Do not forget to add the network services that the PCI environment can use, which also support infrastructure security, to the inventory list. These can be critically dependent systems such as Active Directory Domain Controller or small systems such as DNS servers or time services (NTP). The following are some of the items you should include in your PCI inventory:
- DHCP Servers
- DNS Servers
- NTP Servers
- Vulnerability Scanners / Management Systems
- Central Registration Systems / Management Systems
- Anti-Virus Management Console
- Patch Servers
- Wireless Network Management Systems
- Directory Authentication Servers (AD, Radius, LDAP, TACAS, MFA)
- Supporting Network Infrastructure (Firewalls, Switches, Routers, VPN, NAC)
- Access Control / Video Surveillance Systems
The above is a generalized list, and the details of whether specific systems are covered will largely depend on your environment and how you process cardholder information.
If this is your first time doing a scoping exercise for PCI, definitely contact your QSA to assist you with this.
Are There Any Other Details That Should Be In The PCI Inventory?
To be PCI compliant, an authorized person must confirm that inventory is maintained, includes a function description, and that inventory is maintained.
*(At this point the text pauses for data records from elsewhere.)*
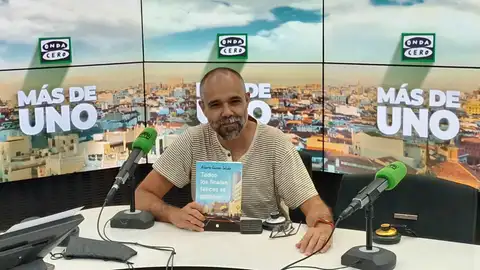 Alberto García Salido en Más de uno Alberto García Salido en Más de uno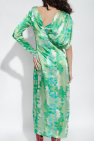 Ganni Silk dress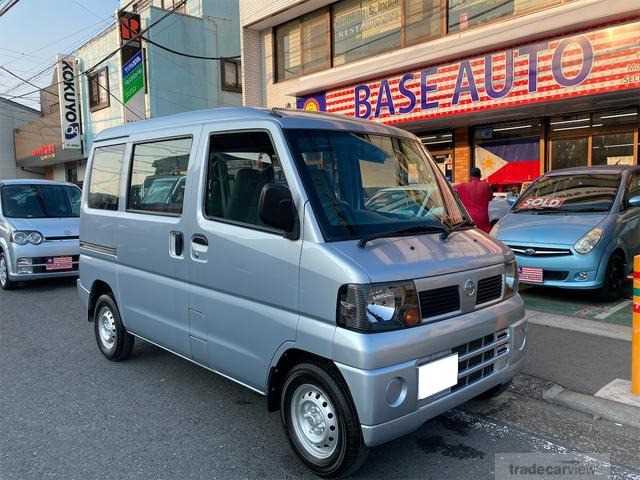 2008 Nissan Clipper Van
Although the fields required by PCI DSS Requirement 2.4 are just for function/purpose, it is helpful to add the following information to your inventory list:
- Application Name
- Is PCI Direct in scope?
- PCI Connected Component?
- PCI Out of scope system?
- A standalone system, Hypervisor, Virtual instance
- Cloud system?
- PAAS, SAAS, IAAS
- Function – High-level terms such as Server, Desktop, Mobile, Firewall, Router, Switch.
- Purpose – low-level term to describe what the system does
- POS controller, Domain controller, A/V server, logging host, DLP server, Jump host, IDS/IPS
- Hardware Vendor
- Hardware Model
- Operating system with version and vendor
- Component Position
The list above is more spreadsheet-centric, but tools such as a configuration management database (CMDB) are also available for this type of monitoring. There are many advantages to acquiring tools, such as quickly finding software products or searching for end-of-life hardware when a vulnerability is flagged in the industry.
Ideally, associating inventory with a vulnerability scanner is an excellent way to start. It allows you to manage your vulnerabilities better and make your scan list dynamic to suit your current environment.
Configuration management tools can also keep systems within specified build parameters and notify you when a system leaves this configuration.
If you choose to keep your PCI inventory with spreadsheets, be sure to include their manual processes in your workflows to ensure that the inventory owner is aware of changes in the environment. For example, if you add a new device to your PCI scope, the inventory officer should know.
Likewise, if you disable a device, the inventory officer will also want to know about it. Also, moving systems in and out of scope significantly impacts inventory; updates should be mirrored.